Activity:
Find "Car Rearview Mirror" below and begin at its line; stop after the line with "Uruguayan vs Immigrants". Output those lines exactly, without pictures.

Provided records:
[Start of section]
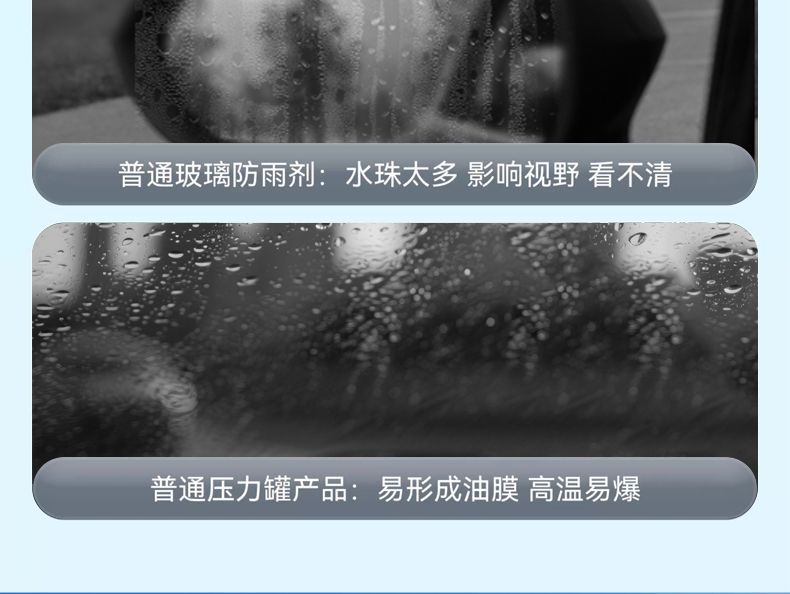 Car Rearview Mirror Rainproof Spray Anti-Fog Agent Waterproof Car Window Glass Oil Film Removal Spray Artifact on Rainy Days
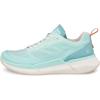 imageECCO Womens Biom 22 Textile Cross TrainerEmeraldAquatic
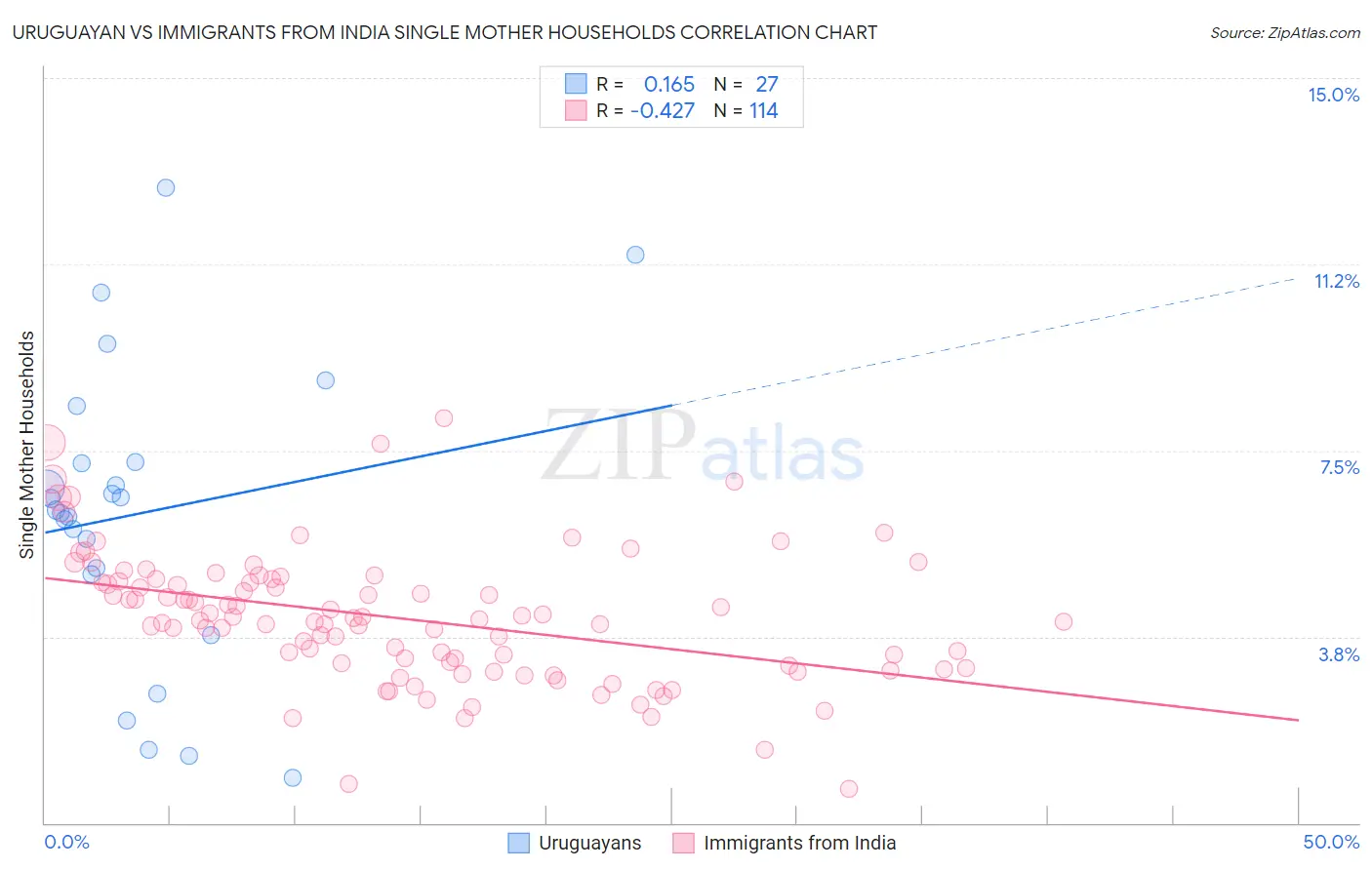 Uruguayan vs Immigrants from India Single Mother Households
[End of section]
[Start of section]
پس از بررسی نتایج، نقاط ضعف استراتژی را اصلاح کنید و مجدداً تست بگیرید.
[End of section]
Solution to the problem:
 Car Rearview Mirror Rainproof Spray Anti-Fog Agent Waterproof Car Window Glass Oil Film Removal Spray Artifact on Rainy Days
 imageECCO Womens Biom 22 Textile Cross TrainerEmeraldAquatic
 Uruguayan vs Immigrants from India Single Mother Households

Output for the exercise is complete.